Those interested in logistics can pursue a bachelor's, master's, or doctoral degree. Students in Ph.D. programs in logistics study and research the development, theory, and strategy of logistics modeling and operations in supply chain management and transportation. Doctoral degree candidates use analytical and empirical research methods and understand the process of forecasting, purchasing, inventory, and assembly. These full-time programs are also technology intensive.
A Ph.D. in Logistics requires a lot of writing and research from students. To get accepted into one of these programs, students need to have at least their bachelor's degree, with a master's preferred by some programs. Ph.D. programs are highly competitive and master's degrees may be earned in tandem with the doctoral degree. Strong GMAT scores are a must. Relevant work experience is encouraged due to the programs' competitiveness. A dissertation, as well as a written and oral exam, is also necessary for degree completion.

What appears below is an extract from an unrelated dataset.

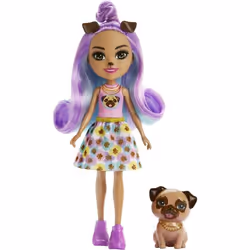 Enchantimals City Tails – BÊTES CITADINES – PENNA CARLIN ET SON AMI TRUSTY, Poupée mannequin, Femelle, 4 an(s), Garçon/Fille, ...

Doctoral Degree in Logistics
The majority of a Ph.D. students' time is spent on researching, writing, and editing a dissertation. This is the culmination of their work and is presented to a panel that decides if the Ph.D. candidate may graduate. Students can expect to study:
- Logistical systems
- Methods of statistical research
- Modeling logistics
- Supply chain technology
- Transportation economics
Employment Outlook and Salary Information
This terminal degree program is intended for those entering academic professions, but may increase opportunities for upper-management positions, such as a logistics coordinator or manager. According to the BLS, employment opportunities for logisticians are expected to grow 4% from 2019-2029. The U.S. Bureau of Labor Statistics (BLS, www.bls.gov) reported in May 2019 that the mean annual salary earned by a logistician was $78,680.
A Ph.D. in Logistics teaches students the necessary research, modeling, and math skills required to pursue a career in academia or logistics management positions.